The present invention is related to the field of power and resource management and more particularly with regard to a method and apparatus for determining the power and resources of each virtual machine operating within a plurality of computers or servers.
Newer server technology has incorporated large number of components into many existing servers. This technology reduces the need for an increased number of servers and their costs associated with power, cooling and real estate. The increasing power density of newer technology hardware, however, is reaching the limits of existing power and cooling supply as the number of servers or blades deployed within an existing infrastructure has been significantly increased. Power and cooling costs are also increasing because of rising and in terms of its environmental impact. In addition the thermal hot spots may be developed due to the increases in the power density of the hardware.
One of the well understood techniques for reducing energy consumption is to consolidate applications on fewer server machines. Previous work has looked at various methods of achieving the consolidation by varying the number of server machines based on the application's intensity. Server virtualization has further enabled higher degrees of consolidation by securely co-locating applications written for heterogeneous operating systems, also providing performance and resource isolation for those applications. Applications that were earlier running on individual physical servers are now run in virtual servers (virtual machines) and multiple virtual machines run on a physical machine.

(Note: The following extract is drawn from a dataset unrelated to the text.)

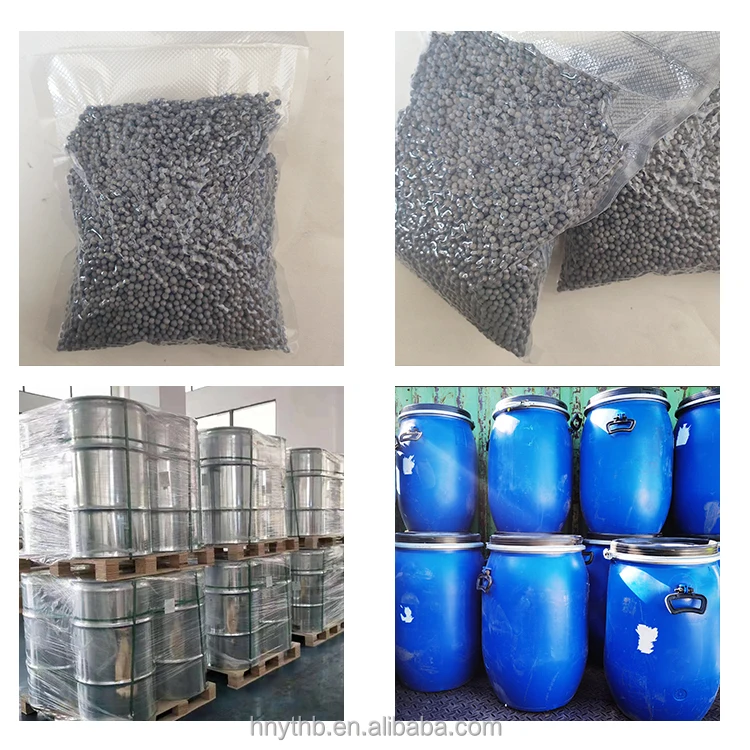 Hot sale methanol synthesis catalyst Methanol production cu zno al2o3 catalyst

Estimation of power and energy of multiple virtual machines is known in the art. For example, energy estimation may be based on the use of processor performance counters (see, for example, Energy Management for Hypervisor-Based Virtual Machines, Bellosa, et al., Annual Technical Conference, USENIX, 2007). However, many modern server systems have internal power measurement (and management) features that directly measure the power and energy consumption of the whole system and some components within the system. Typically whole system power and energy measurement is accurate and fast, with sampling done at short intervals, while lower-level component measurements are slower, requiring longer time intervals, and are less accurate. Other attempts to perform energy estimation based on thermal sensors have been attempted, but these sensors can have a relatively long time constant and generally cannot distinguish well between virtual machines that are time-division multiplexed onto the same hardware resources.
However, each of these methods fails to consider the presence of the virtual machines that are operating within the existing infrastructure or requires either a long time or an extensive amount of computer resources to determine the power usage.
Hence, there is a need for an improved method and apparatus for determining the power and energy requirements of each of the virtual machines operating within an infrastructure.